Olejniczak z Borowskim o przyszłości lewicy
Szef SLD Wojciech Olejniczak ma spotkać się w
piątek z liderem SdPl Markiem Borowskim, aby porozmawiać o
przyszłości lewicy oraz zbliżających się wyborach parlamentarnych.
Chciałbym, żeby lewica była zjednoczona i poszła jedną listą do wyborów, ale na odpowiedź na pytanie, czy to się uda, jest za wcześnie - powiedział Olejniczak. Dodał, że nie rozmawiał jeszcze ze wszystkimi liderami ugrupowań lewicowych. Poinformował, że spotkał się już z Unią Lewicy oraz OPZZ.
Nie mam żadnych oporów, żeby rozmawiać z Markiem Borowskim. Współpracowałem z nim jako marszałkiem Sejmu oraz jako politykiem SLD - podkreślił Olejniczak. Według niego, jeśli będzie współpraca SLD i SdPl, "to jedni i drudzy mogą na tym skorzystać, a w sumie może skorzystać lewica". Jeżeli będzie kłótnia, to oczywiście jedni będą tracić i drudzy - zaznaczył.
Nowy szef SLD uważa, że powinno dojść do porozumienia partii lewicowych w sprawie wystawienia kandydatów na senatorów. W tym zakresie nie powinno być żadnego problemu. Powinniśmy wystawić jedną listę do Senatu i mieć pierwszy krok za sobą - ocenił. Zapowiedział, że on nie będzie stawiał żadnych warunków.
Olejniczak poinformował też, że b. sekretarz generalny Sojuszu Marek Dyduch zrezygnował z funkcji szefa sztabu wyborczego partii i dlatego będzie powołany nowy szef. W niedzielę Olejniczak mówił, że chciałby, aby nad kampaniami wyborczymi czuwał nowy sekretarz generalny SLD Grzegorz Napieralski.
O tym, że Dyduch będzie szefem Krajowego Sztabu Wyborczego Sojuszu zdecydował na początku maja poprzedni zarząd partii.
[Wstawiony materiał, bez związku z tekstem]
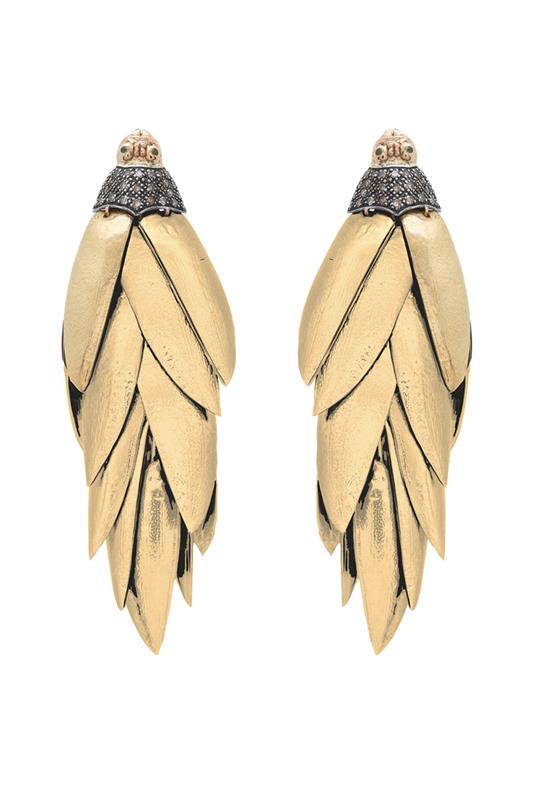 BIBI VAN DER VELDEN-Scarab Bunch Gold Earrings-YELLOW GOLD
Po wyborze na szefa SLD w minioną niedzielę Olejniczak poprosił jednak zarząd, aby złożył rezygnacje, by można było wybrać nowy jego skład.
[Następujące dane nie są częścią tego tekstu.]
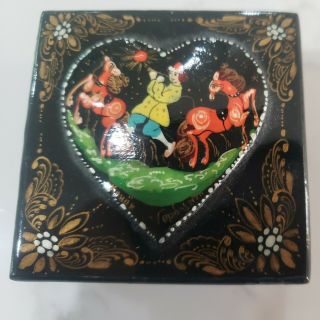 Russian Lacquered Heart Shaped Hand Painted Signed Trinket Box 2 1/2x 2 1/2 "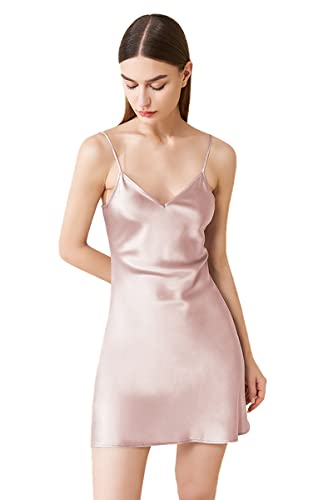 OROSE Real Silk Nightgowns for Women Nighties 100 Real 19 Momme Silk Short Nighty Sexy Chemise Dress Ladies Lingerie Petite Pink-XS
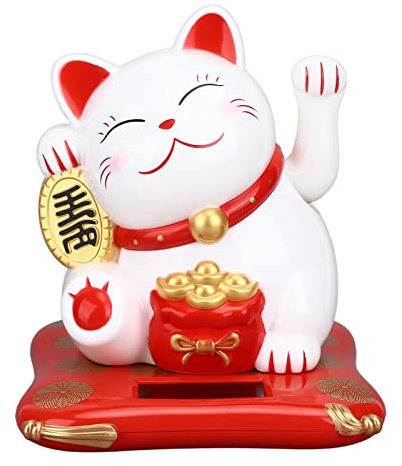 Cyrank Winkende Glückskatze mit Arm, solarbetriebene Winkekatze, Reichtum, einladende Katze, Glückskatzenstatue, Winkarm, Winkende Glückskatze, Winkekatze, Dekoration (White)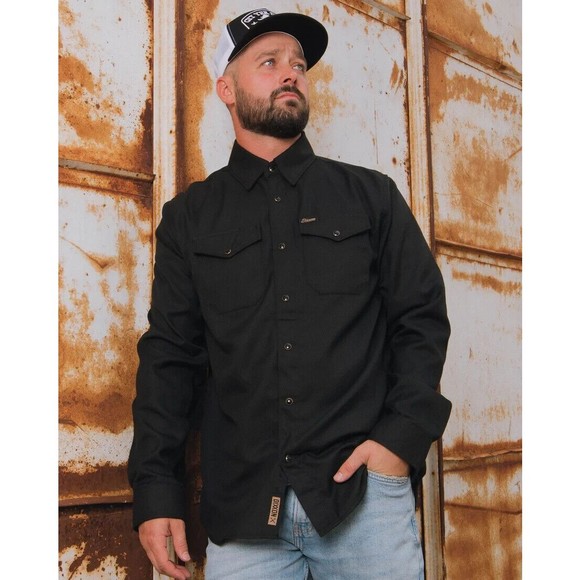 DIXXON Flannel Sz XL Outlaw 2023 10 Year Anniversary Gold Snap Solid Black BNIB - Picture 3 of 3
Olejniczak powiedział też, że 18, a nie jak planowano wcześniej 11 czerwca, odbędzie się konwencja partii, która ma wybrać nowych wiceszefów Sojuszu oraz rekomendować kandydata Sojuszu na prezydenta.
Olejniczak przyznał, że w środę przeprowadził się do warszawskiej siedziby SLD na ul. Rozbrat i zajął gabinet należący do poprzedniego lidera partii Józefa Oleksego. Pytany, czy to wygodny gabinet odparł, że nie jest człowiekiem, który wyrósł w wygodach i przyjmuje każde miejsce swojej pracy.
Dziennikarze pytali, czy odświeżał gabinet po poprzedniku. Mam nowe obrazy, które lubię i mam nowy fotel, bo tamto krzesło było niewygodne - przyznał nowy szef Sojuszu.